Tidy, John

Tidy, John             1916 June 16th              Larkhill

Tired of Army Life

The Coroner for South Wilts (Mr F H Trethowan) held an inquest at the Fargo Military Hospital on Friday concerning the death of John Henry Tidy (27), a private in the King’s Own Yorkshire Light Infantry, who was found with his throat cut and a razor lying by his side.

Frederick Hemmings, Company-Sergeant-Major, B Company, 2nd-4th KOYLI, stationed at No 10 Camp, Larkhill, stated that Tidy was in his company, and his home was at Radford, Nottingham. He joined the Army in March. He had become a good soldier, and did his work well. He was always cheerful when witness saw him, and he did not know that he had any trouble. If he had had any complaint about anything he thought he would have made it to him.

George Schofield, a private in the same company, said that on the morning of June 7th he went to one of the latrines, and heard a noise like groaning in the next one. He opened the door and saw Tidy with his throat cut and a razor lying by his side. He was unconscious. Witness sent someone for the Sergeant-Major, and waited outside the door until he arrived. He assisted him to put Tidy on the ambulance. Witness slept in the same hut as Tidy.
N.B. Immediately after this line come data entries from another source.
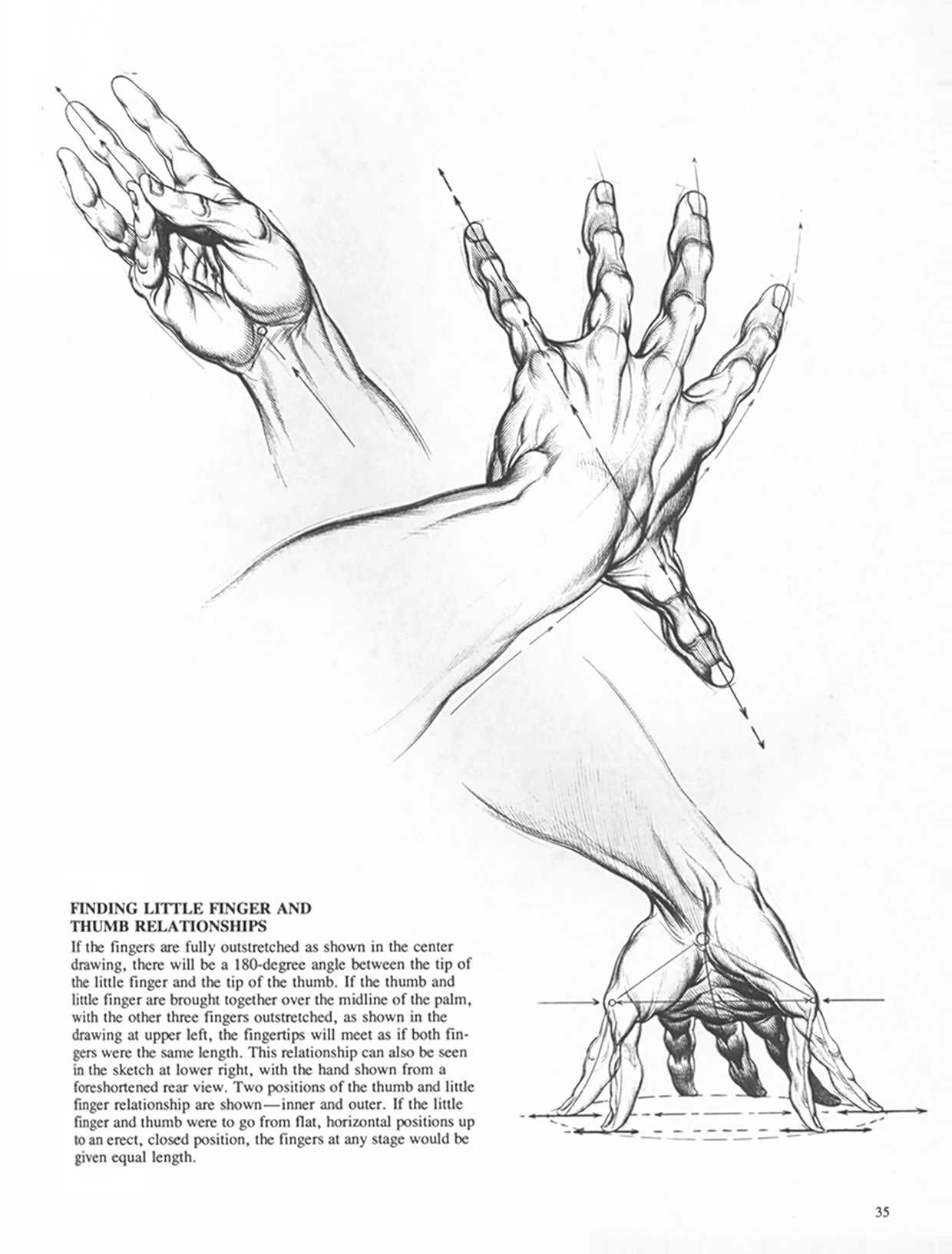 Drawing Dynamic Hands - Burne Hogarth[English] 动态素描·手部结构 - 伯恩・霍加斯[英文版] 32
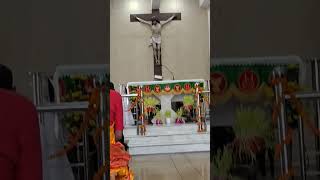 #alleluiya #givethankstothe lord #palam church alter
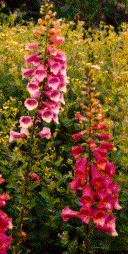 Foxglove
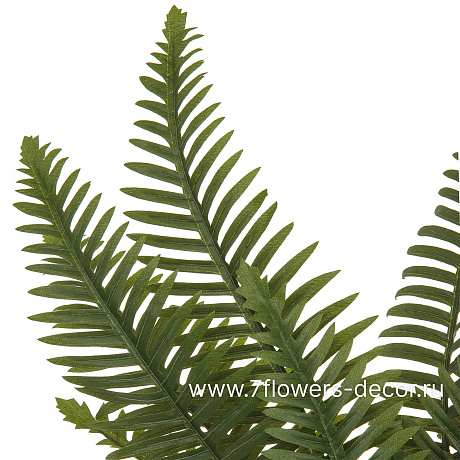 Растение искусственное Папоротник Диксивуд, H68 см - фото 2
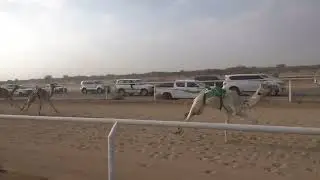 ش5 بكار مفاريد 1447/07/28هـ - 2026/01/17م (سمحه) فهد نايف مشخص القرشي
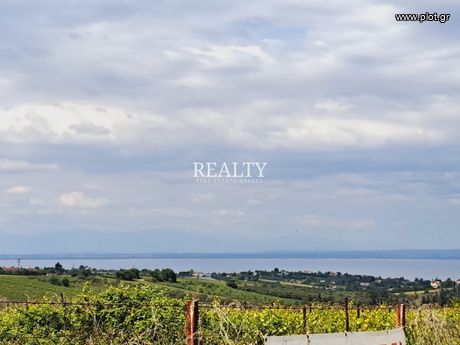 Land plot 4.500sqm for sale-Thermaikos » Neoi Epivates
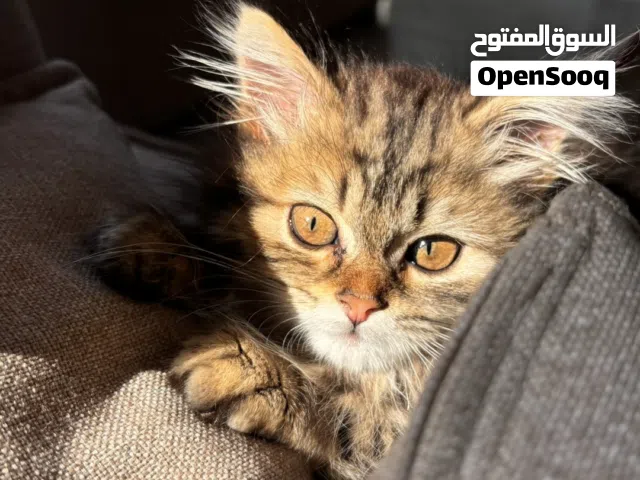 قط شيرازي بني وبيج للبيع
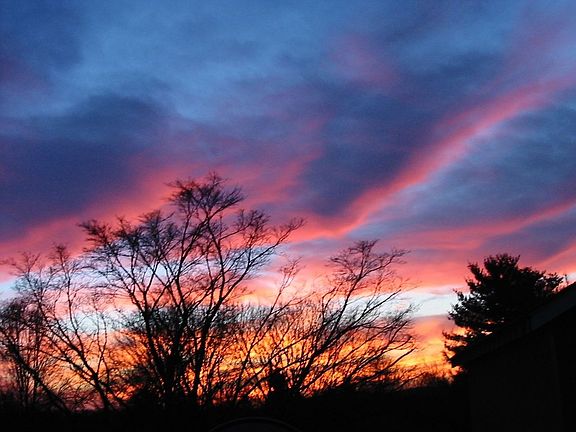 View of our backyard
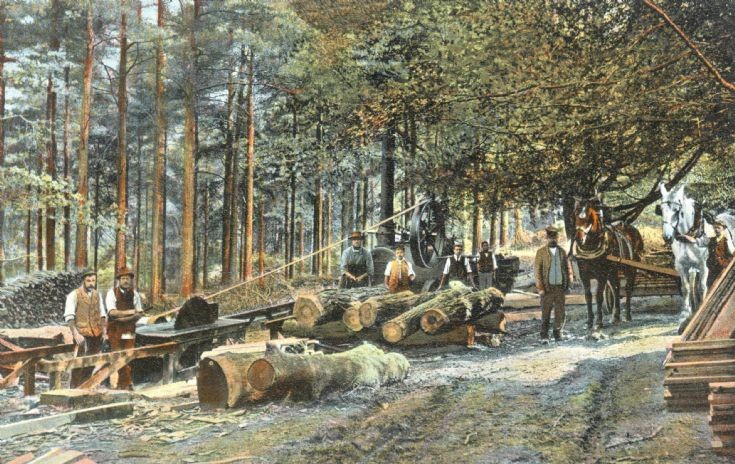 Tilgate sawmill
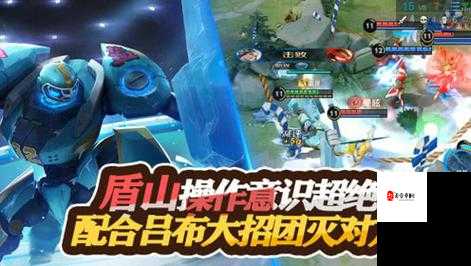 王者荣耀盾山玩法全攻略，资源管理、技巧提升与避免浪费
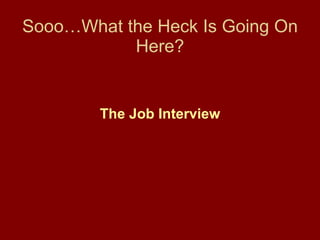 Sooo…What the Heck Is Going On Here? The Job Interview 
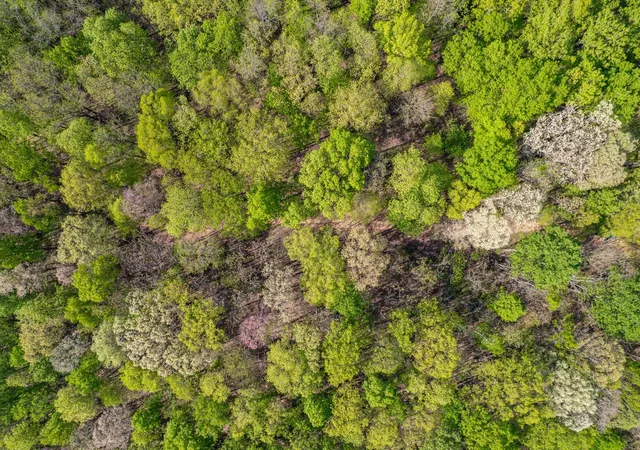 Photo 4 of Land for sale at 1555 Dog Holw Rd, Lynnville, TN 38472 | MLS# 3547973 | Listing updated on 2026-09-14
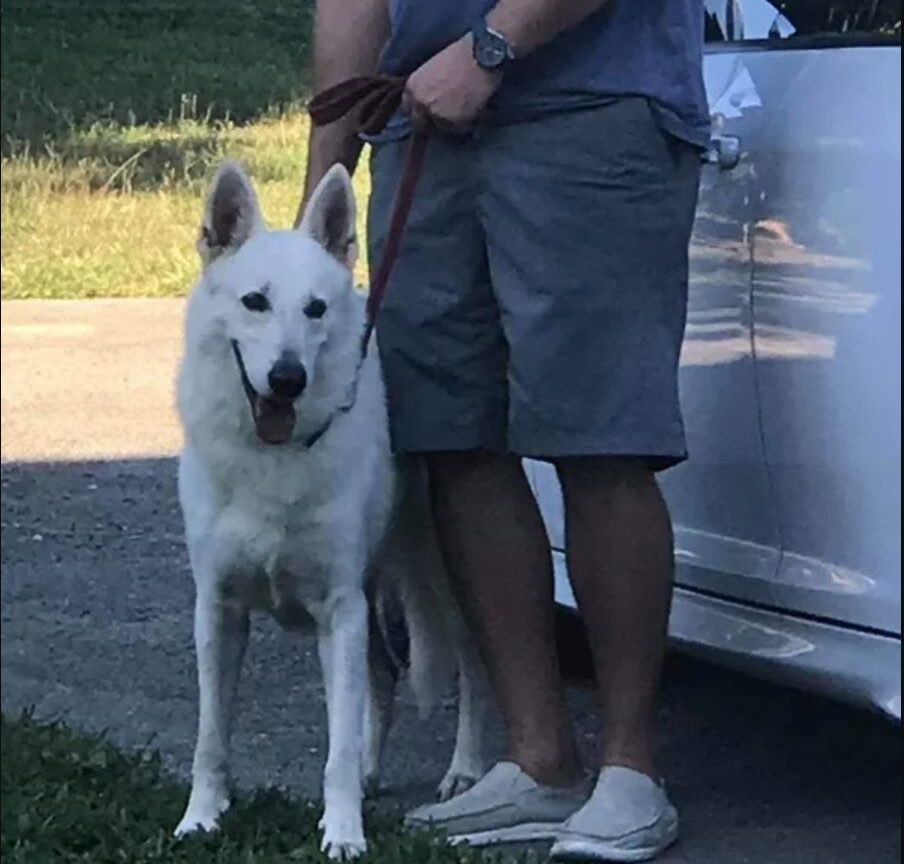 white german shepherd bolt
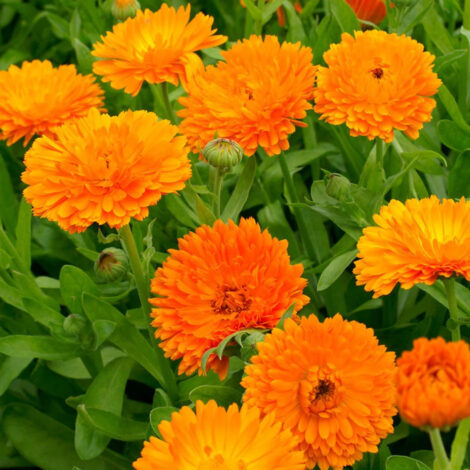 Calenduladoubleorange1 1024x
He used to complain of pain in the head and eyes. He also said he was tired of Army life. He had no trouble with his work, and did not complain of the way he was treated in the Army. He had said on several occasions he would not “stick it” much longer and would “finish himself out,” but afterwards he had told witness not to take any notice of it, as it was only his “kid.” On the evening of June 6th between eight and nine, he was talking to him in the hut. He picked up a bundle where witness knew he kept his razor, and said, “This will be the end of me.” Witness told him not to talk so stupidly. He did not think he meant anything. He had previously told him that his father was not very good “pale” (pals) with him, and witness thought that worried him a little. He knew of no other home trouble.

Lieutenant William Bennett, of the RAMC, said he was attached to the KOYLI. He saw the man in the medical hut very shortly after he was found in the latrine. He was alive. His throat was cut. It seemed to be a right-handed self-inflicted wound. He received medical attention, and lived about a quarter of an hour after witness first saw him. He could not make any statement. The cause of death was hemorrhage and shock.

A verdict of “Suicide whilst of unsound mind,” was returned.